What are the biggest privacy fines in history?

The largest GDPR fines include Meta's 1.2 billion euros (Ireland DPC, 2023) for unlawful EU-US data transfers, Amazon's 746 million euros (Luxembourg, 2021) for advertising targeting, and Meta's 405 million euros (Ireland DPC, 2022) for children's data on Instagram. Under CCPA, Sephora paid $1.2 million (2022) for failing to honor opt-out requests.

How often do privacy enforcement actions happen?

EU DPAs collectively issue hundreds of GDPR enforcement actions per year. The pace has accelerated — 2024 saw more fines than any previous year. Cookie consent violations are among the most frequently enforced, particularly by France's CNIL and Spain's AEPD.

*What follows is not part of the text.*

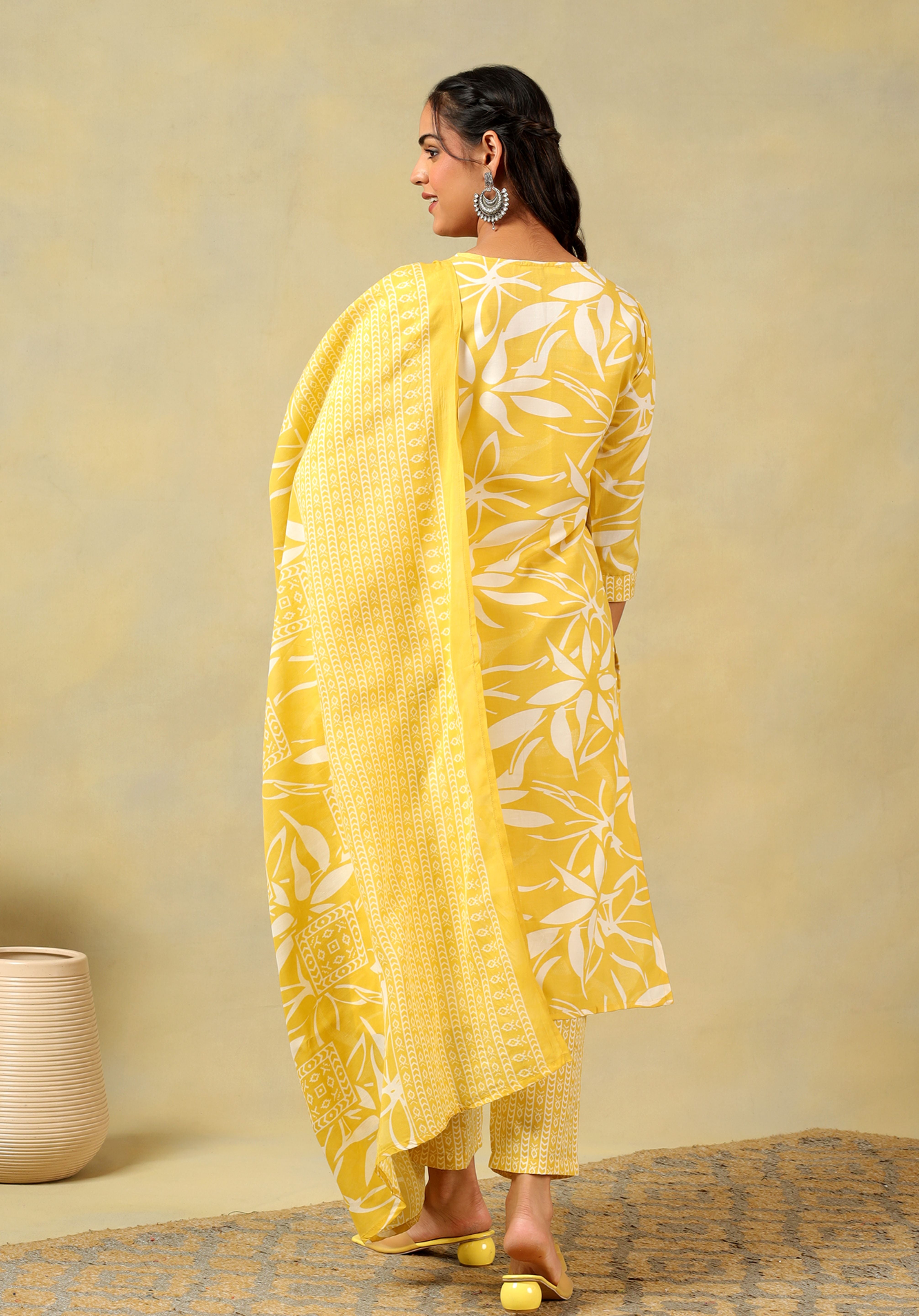 Rhea Yellow Leaf Suit Set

Can small companies get privacy fines?

Yes. While headline fines target large companies, DPAs regularly fine small and medium businesses. Spain's AEPD issues fines as low as 2,000-10,000 euros to small businesses for consent violations. The CCPA's $7,500 per-violation penalty also applies regardless of company size.

What privacy enforcement should website owners watch?

Watch for: cookie consent enforcement trends (especially from CNIL), Google Consent Mode v2 compliance requirements, Global Privacy Control (GPC) enforcement under CCPA, and any enforcement in your specific industry. Changes in one jurisdiction often signal upcoming enforcement in others.